Plenty of surprises lay in store, teaching me more about what I thought was normal than what really is. While here I learned there are no universally agreed-upon notions of personal space, sidewalk etiquette, or the number of cats acceptable per square mile.
I found religious expression to inform many peoples’ routine behavior as Hasidic families walked together to synagogue on Sabbath, Christian monks corralled tourists at sacred sites, Muslim taxi drivers stopped to bow in prayer beside the road, and protesters waved flags with spiritual fervor at organized demonstrations. People, here as elsewhere, unite around ideas that join them in solidarity and differentiate them from others.
Some of the greatest challenges come when despite one’s efforts to be a hospitable guest, openness is met with closedness. Entering a different country can also mean facing another culture’s social boundaries. I learned how important it was to relinquish being overly concerned about my personal space while respecting how others use theirs; this is not always an easy dance.
Common ground seems to emerge in the truly universal experiences, like eating, going to work, and appreciating nature. I have eaten food prepared by folk from every religion and region of the country. I wasn’t able to designate a superior food to one faith over the other. I have sat on city buses silently facing forward, rocking with the rest and struggling to keep my balance when the driver abruptly halted to a stop. Inertia seems to impact the hijab and the tichel, alike. I have marveled at the terrain of this magnificent country alongside all sorts of people speaking all sorts of languages. Masada is apparently as spectacular in Dutch as it is in Hebrew, English, or Spanish.
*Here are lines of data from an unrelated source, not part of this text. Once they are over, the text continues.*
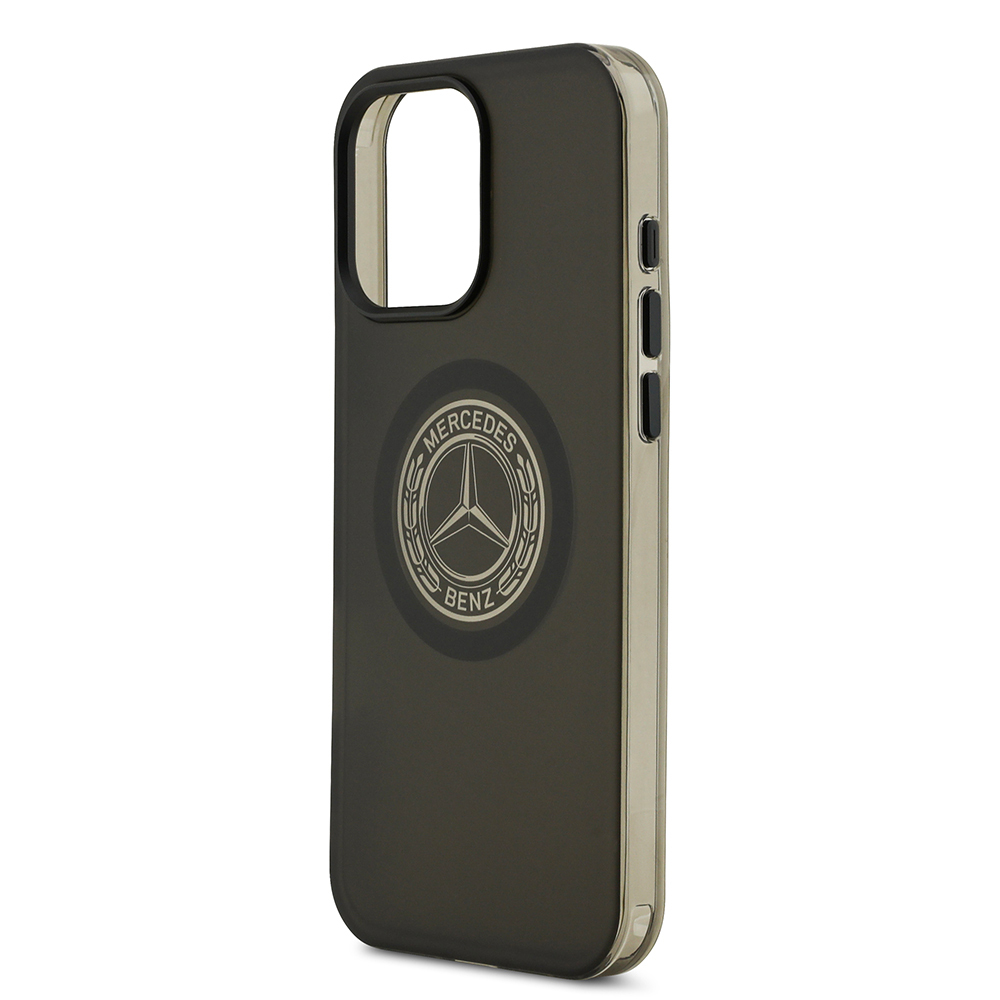 Apple iPhone 16 Pro Max Uyumlu Kılıf Mercedes Benz Orjinal Lisanslı M-safe Şarj Özellikli Buzlu PC Nostaljik Yıldız Dizayn Kapak - 5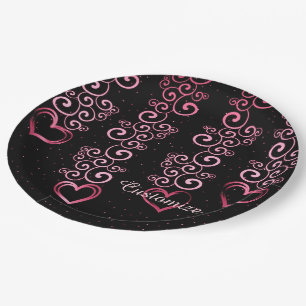 Assiettes En Carton Plaques en papier de coeur de vigne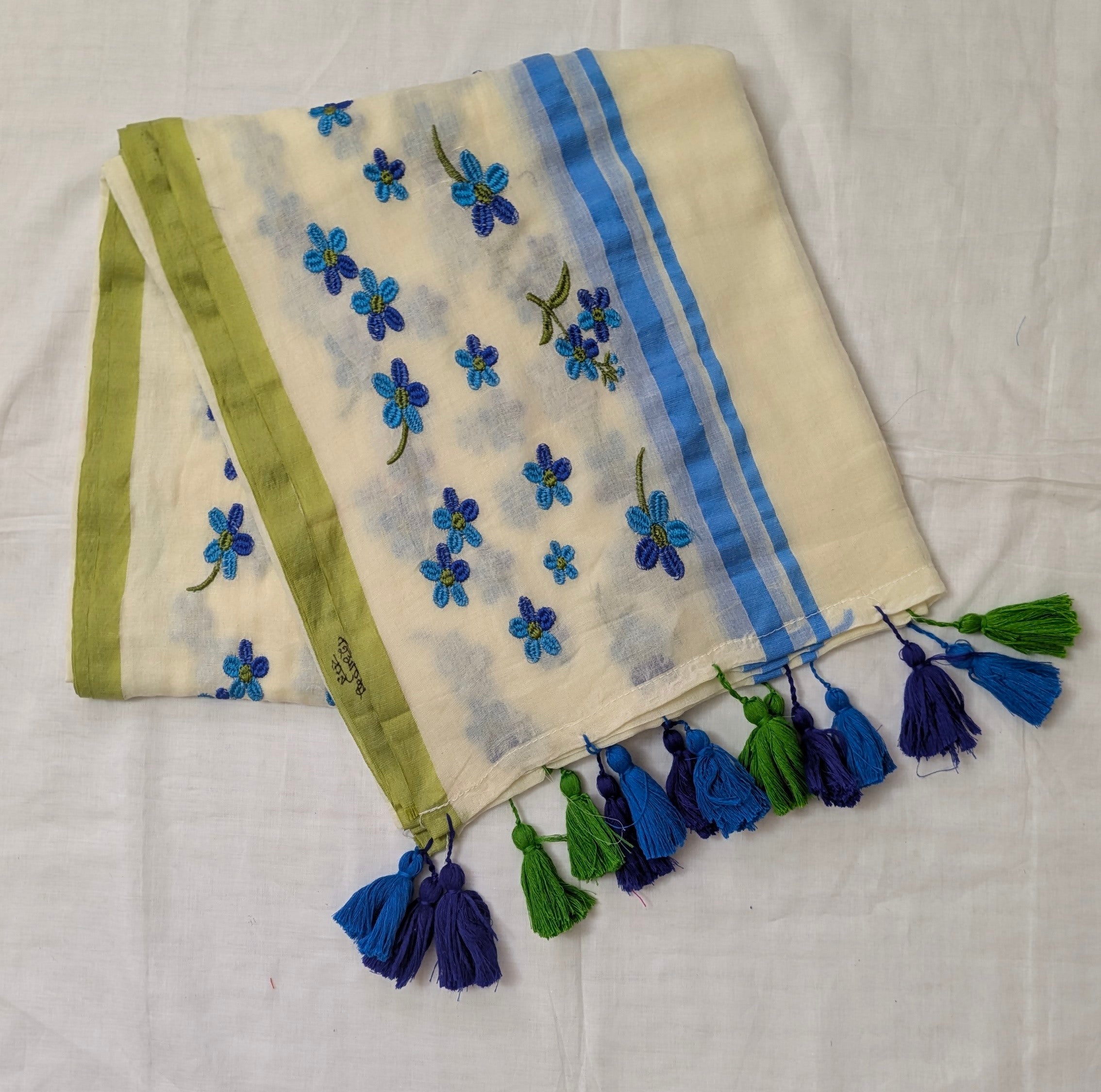 Mul Cotton Hand Woven Saree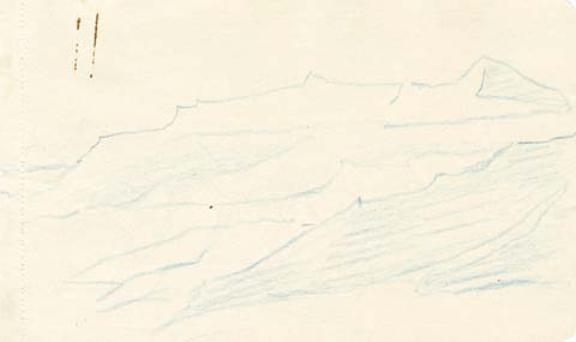 WikiOO.org - Enciklopedija likovnih umjetnosti - Slikarstvo, umjetnička djela Nicholas Roerich - Sketch of mountain landscape 26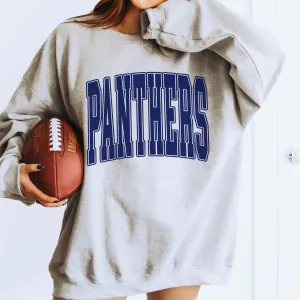 Personalized Collegiate Letter Crew Sweatshirts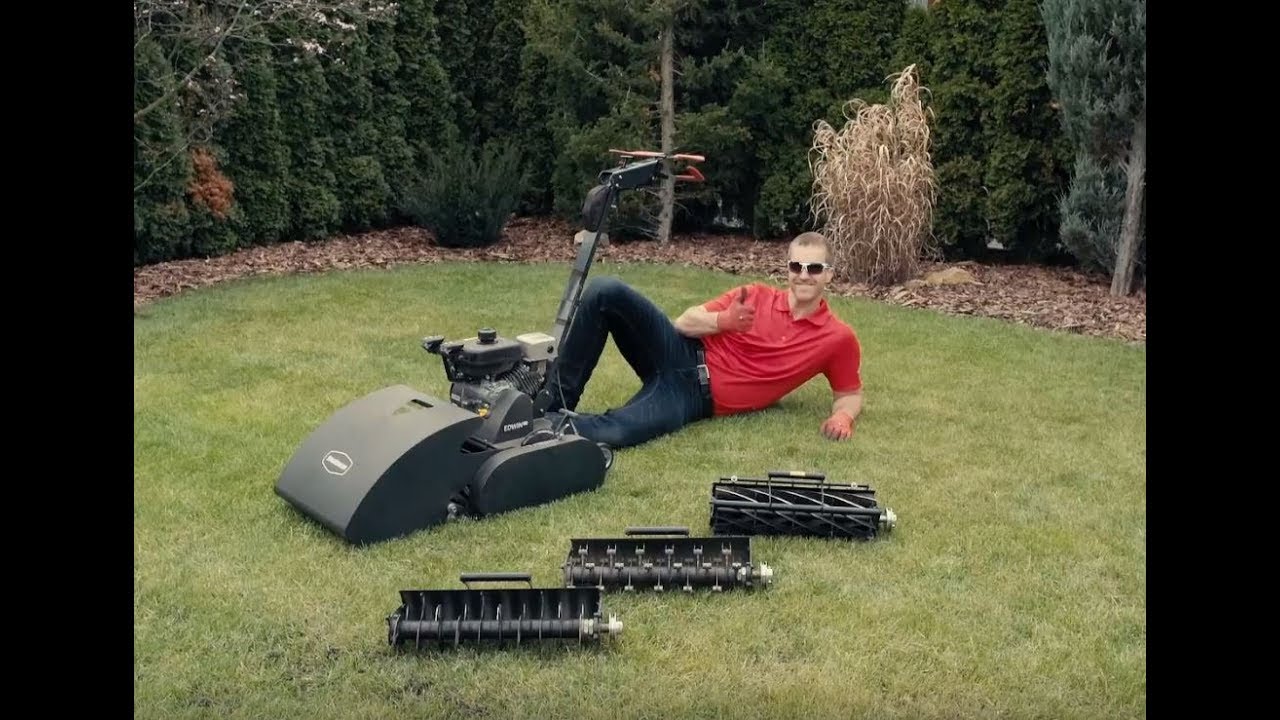 Regenerace trávníku se sekačkou Swardman Edwin 2.0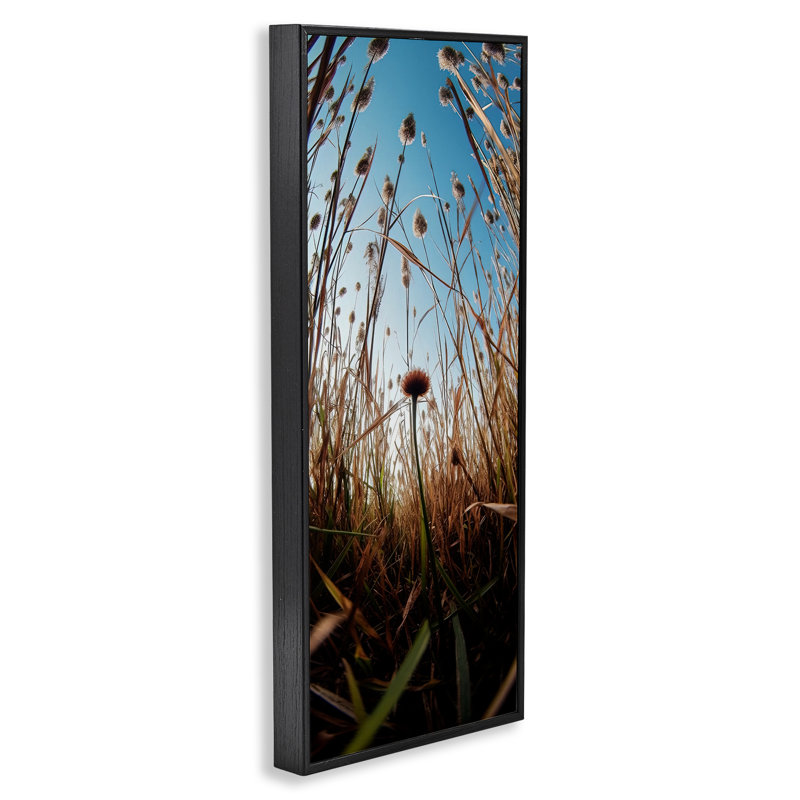 Giclée encadrée Daydream Botanical Meadow, conception par Decent Exposures, H 24 po x l 10 po, Giclée encadrée noir minuit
During my stay, there have been institutions where I expected to make friends – such as the university campus, my apartment building, or the places of worship I attend – but there have also been unexpected encounters in unusual places that have helped ground me in this place. To my surprise, the most memorable conversations with strangers have occurred while washing my clothes. I had not thought to include the laundromat in my list of institutions through which to build relationship, but it happened, and it confirmed an important social principle for me: To become at home in a foreign country, I need to experience random, positive interactions in public just as much as I need to establish ongoing, reliable friendships. And this is a beautiful aspect of the Fulbright program as we seek to live with others and the land in ways that foster understanding. We discover shared livelihood on common ground.